§ What you have to do
Set the pictures aside and set down only the lines from the line holding "Nahaufnahme Outdoor-Rucksack-Set in" through the end of the entries below, ends included.
*** Opening Provided records ***
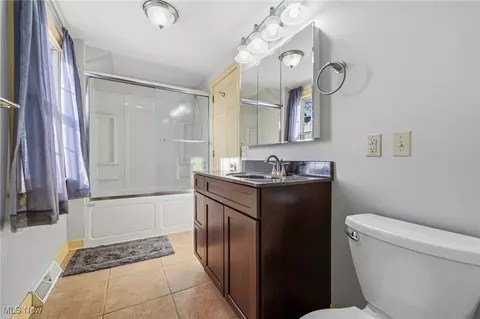 Bath - 153 Overhill Rd, Boardman, OH 44512 photo 2 of 5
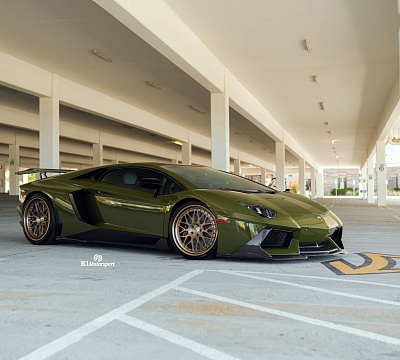 Фото дисков HRE 300 на Lamborghini Aventador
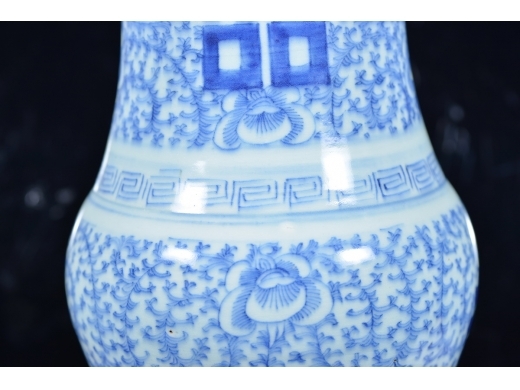 青花 花鼓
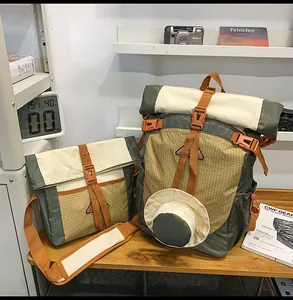 Nahaufnahme Outdoor-Rucksack-Set in Olivgrün mit Gittertextur und orangefarbenen Schnallen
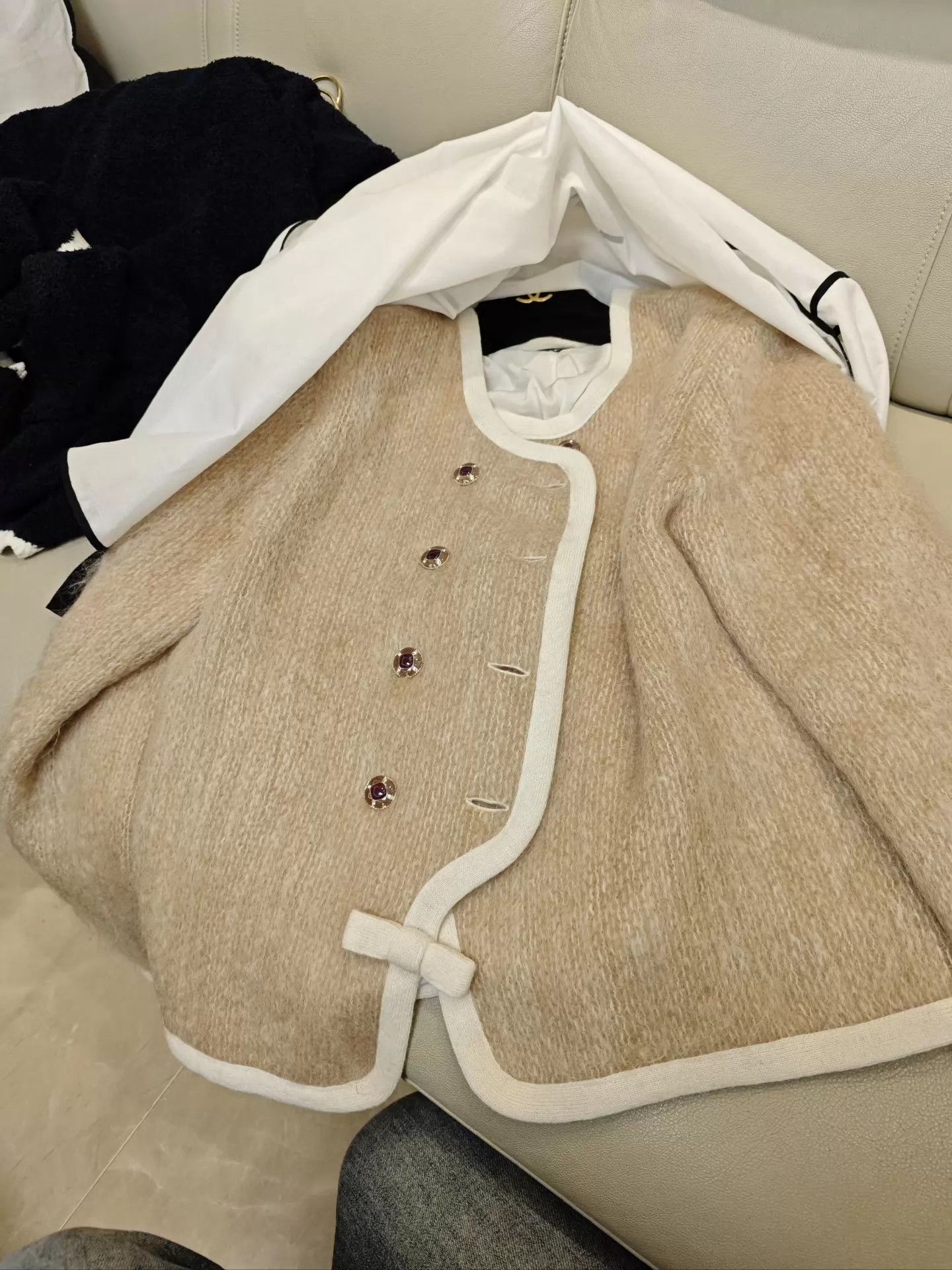 Chanel Chanel Khaki Mohair Jacket Size 40 Size M / US 6-8 / IT 42-44 - 1 Thumbnail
*** Closing Provided records ***
§ Answer to this exercise
 Nahaufnahme Outdoor-Rucksack-Set in Olivgrün mit Gittertextur und orangefarbenen Schnallen
 Chanel Chanel Khaki Mohair Jacket Size 40 Size M / US 6-8 / IT 42-44 - 1 Thumbnail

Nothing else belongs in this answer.